** WHAT NEEDS TO BE DONE **
Return the listing in full. Keep every word as it stands.
◇ ◇ ◇ ◇
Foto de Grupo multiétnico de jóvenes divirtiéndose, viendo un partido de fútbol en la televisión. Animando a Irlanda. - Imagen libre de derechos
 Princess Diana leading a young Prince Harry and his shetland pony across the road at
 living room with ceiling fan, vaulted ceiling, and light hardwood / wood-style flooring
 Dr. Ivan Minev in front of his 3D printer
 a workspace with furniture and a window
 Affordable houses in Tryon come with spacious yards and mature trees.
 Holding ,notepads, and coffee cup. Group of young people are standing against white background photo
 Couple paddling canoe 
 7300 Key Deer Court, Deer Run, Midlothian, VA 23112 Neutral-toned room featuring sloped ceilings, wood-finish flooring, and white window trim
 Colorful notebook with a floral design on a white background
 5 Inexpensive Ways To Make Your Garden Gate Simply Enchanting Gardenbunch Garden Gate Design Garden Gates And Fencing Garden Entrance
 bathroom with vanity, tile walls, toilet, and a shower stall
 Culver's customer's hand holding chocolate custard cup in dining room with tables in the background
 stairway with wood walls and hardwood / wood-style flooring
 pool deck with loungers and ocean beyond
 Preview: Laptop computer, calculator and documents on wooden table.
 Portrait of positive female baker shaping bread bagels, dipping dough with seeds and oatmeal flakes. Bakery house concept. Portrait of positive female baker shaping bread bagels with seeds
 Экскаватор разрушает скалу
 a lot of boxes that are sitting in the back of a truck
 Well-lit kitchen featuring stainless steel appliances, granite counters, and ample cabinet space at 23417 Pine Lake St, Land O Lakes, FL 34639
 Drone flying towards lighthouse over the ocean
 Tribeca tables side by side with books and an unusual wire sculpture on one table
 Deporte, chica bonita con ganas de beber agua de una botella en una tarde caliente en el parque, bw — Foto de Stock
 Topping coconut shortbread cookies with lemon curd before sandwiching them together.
◇ ◇ ◇ ◇
** EXERCISE RESPONSE **
Foto de Grupo multiétnico de jóvenes divirtiéndose, viendo un partido de fútbol en la televisión. Animando a Irlanda. - Imagen libre de derechos
 Princess Diana leading a young Prince Harry and his shetland pony across the road at
 living room with ceiling fan, vaulted ceiling, and light hardwood / wood-style flooring
 Dr. Ivan Minev in front of his 3D printer
 a workspace with furniture and a window
 Affordable houses in Tryon come with spacious yards and mature trees.
 Holding ,notepads, and coffee cup. Group of young people are standing against white background photo
 Couple paddling canoe 
 7300 Key Deer Court, Deer Run, Midlothian, VA 23112 Neutral-toned room featuring sloped ceilings, wood-finish flooring, and white window trim
 Colorful notebook with a floral design on a white background
 5 Inexpensive Ways To Make Your Garden Gate Simply Enchanting Gardenbunch Garden Gate Design Garden Gates And Fencing Garden Entrance
 bathroom with vanity, tile walls, toilet, and a shower stall
 Culver's customer's hand holding chocolate custard cup in dining room with tables in the background
 stairway with wood walls and hardwood / wood-style flooring
 pool deck with loungers and ocean beyond
 Preview: Laptop computer, calculator and documents on wooden table.
 Portrait of positive female baker shaping bread bagels, dipping dough with seeds and oatmeal flakes. Bakery house concept. Portrait of positive female baker shaping bread bagels with seeds
 Экскаватор разрушает скалу
 a lot of boxes that are sitting in the back of a truck
 Well-lit kitchen featuring stainless steel appliances, granite counters, and ample cabinet space at 23417 Pine Lake St, Land O Lakes, FL 34639
 Drone flying towards lighthouse over the ocean
 Tribeca tables side by side with books and an unusual wire sculpture on one table
 Deporte, chica bonita con ganas de beber agua de una botella en una tarde caliente en el parque, bw — Foto de Stock
 Topping coconut shortbread cookies with lemon curd before sandwiching them together.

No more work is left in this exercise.